The result is some excellent writing, some clever staging effects by director Natalie Abrahami, and just the vague shadows of what might have been.
As in the novella, a man on a train compulsively tells his story to other passengers (us), of how a marriage that had descended into routine changed when his musician wife began playing with another man, and he became convinced she was unfaithful, with tragic results.
Tolstoy's own comments on the book say that he intended it as a warning against erotic passion since that, which brought the married couple together, inevitably faded, leaving the husband with a disgust for what he imagined his wife was now feeling anew.
But while Harris includes the man's accounts of his early carnality and his revulsion at sexuality - 'brothels. Graveyards for the living. Like the opera' - it is the wit of such comments that registers, not any connection to the story that follows.
What one does sense possibly developing is either a small-scale version of Othello, of the little man driven by passions he can't understand to acts he wouldn't ordinarily be capable of, or a Poe-like vision of the frightening calm of the truly insane, as in 'The Cask of Amontillado.'
But neither Harris nor director Abrahami nor actor Hilton McRae takes us in any of those directions, leaving us watching the whole thing from the uninvolved outside. McRae plays the man with such blandness that he might be describing a routine day at work.
There is far too little sense of any passion wracking this man, either felt openly or repressed into madness, and so we are not guided toward either pity or fear.
Without any emotional involvement in the story, we are left to observe technical elements in the writing and staging, and there is indeed much to admire there.
At least in Harris's
translation the text is full of zingers like the brothel-opera line that
catch you up short with their Wildean wit and wisdom.
Here's the speaker on young women: 'Their mothers groom them, the dressmakers clothe them, the tutors teach them...all towards the one purpose.

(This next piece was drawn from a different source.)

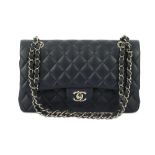 Chanel Dark Blue Caviar Classic Double Flap Bag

To attach themselves to men. No wonder they hate us.' Or on young men's wild oats: 'We aren't hurting anyone - us boys. Except the people we're hurting.'
Elsewhere an overdressed man is described as 'an embarrassment of effort,' and there are enough lines like that to keep you alert and appreciative throughout.

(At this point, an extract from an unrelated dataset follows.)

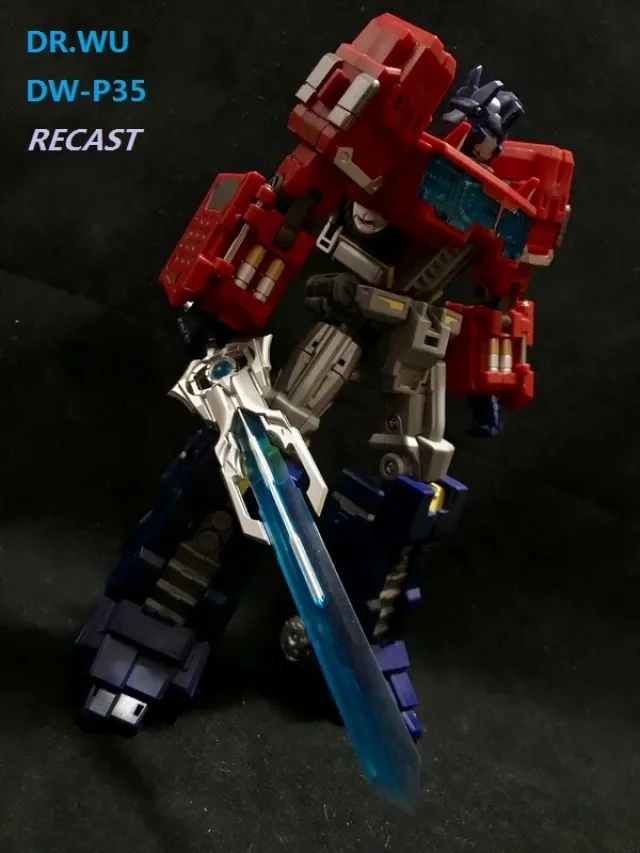 DW-P35 Recast Blue Sword | Dr. Wu | Upgrade Kit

Aware that the story is built on a connection between music and passion, director Natalie Abrahami has snippets of Beethoven and others playing throughout, triggering and being triggered by the speaker's memory.
And she has the other two figures in the story - the wife and the other man - appear mystically through a scrim back wall, sometimes with almost subliminal brevity, as their images force their way into his consciousness. (Actors Tobias Beer and Sophie Scott have no lines, but pose and play violin and piano respectively.).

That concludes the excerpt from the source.